(DESCRIPTION OF THE TASK): Set down the data below exactly; pictures stay out.

(SUPPLIED INFORMATION):
● ● ● ● ●

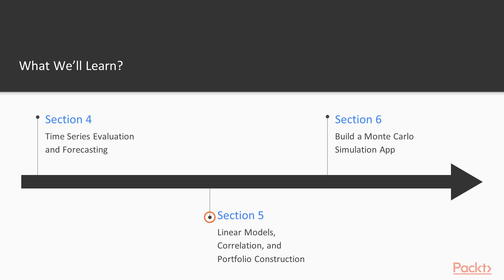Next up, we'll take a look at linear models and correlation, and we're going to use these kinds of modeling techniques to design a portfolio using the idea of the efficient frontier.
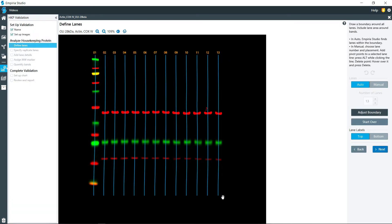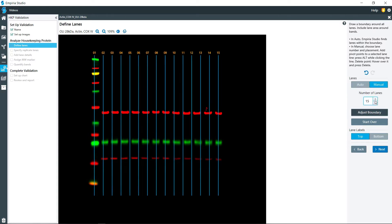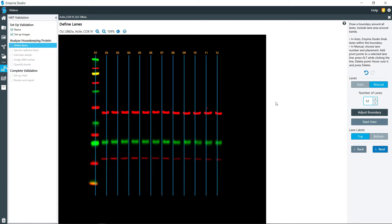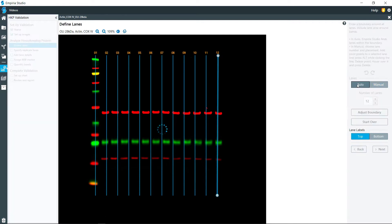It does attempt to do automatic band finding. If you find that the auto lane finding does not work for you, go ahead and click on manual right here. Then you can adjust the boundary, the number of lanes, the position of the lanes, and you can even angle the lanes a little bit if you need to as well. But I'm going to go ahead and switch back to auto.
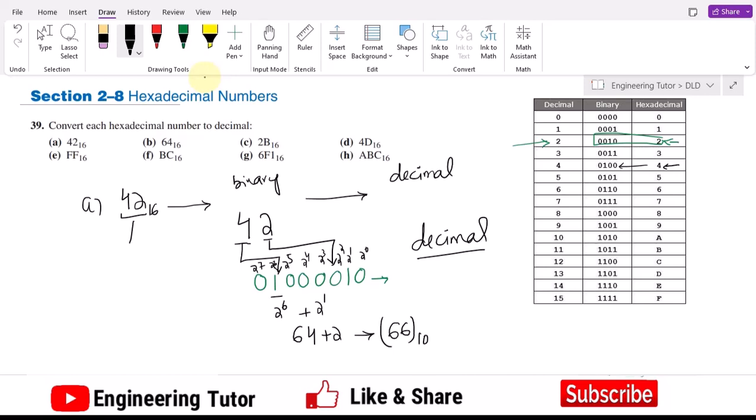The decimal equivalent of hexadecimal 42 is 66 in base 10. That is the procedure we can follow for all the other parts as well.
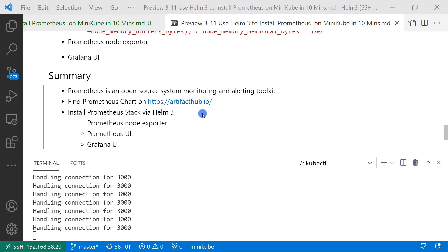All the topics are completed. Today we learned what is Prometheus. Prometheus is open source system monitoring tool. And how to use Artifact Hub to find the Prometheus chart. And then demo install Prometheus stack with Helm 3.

● ● ● ● ●

(REPLY):
Next up, we'll take a look at linear models and correlation, and we're going to use these kinds of modeling techniques to design a portfolio using the idea of the efficient frontier.
It does attempt to do automatic band finding. If you find that the auto lane finding does not work for you, go ahead and click on manual right here. Then you can adjust the boundary, the number of lanes, the position of the lanes, and you can even angle the lanes a little bit if you need to as well. But I'm going to go ahead and switch back to auto.
The decimal equivalent of hexadecimal 42 is 66 in base 10. That is the procedure we can follow for all the other parts as well.
All the topics are completed. Today we learned what is Prometheus. Prometheus is open source system monitoring tool. And how to use Artifact Hub to find the Prometheus chart. And then demo install Prometheus stack with Helm 3.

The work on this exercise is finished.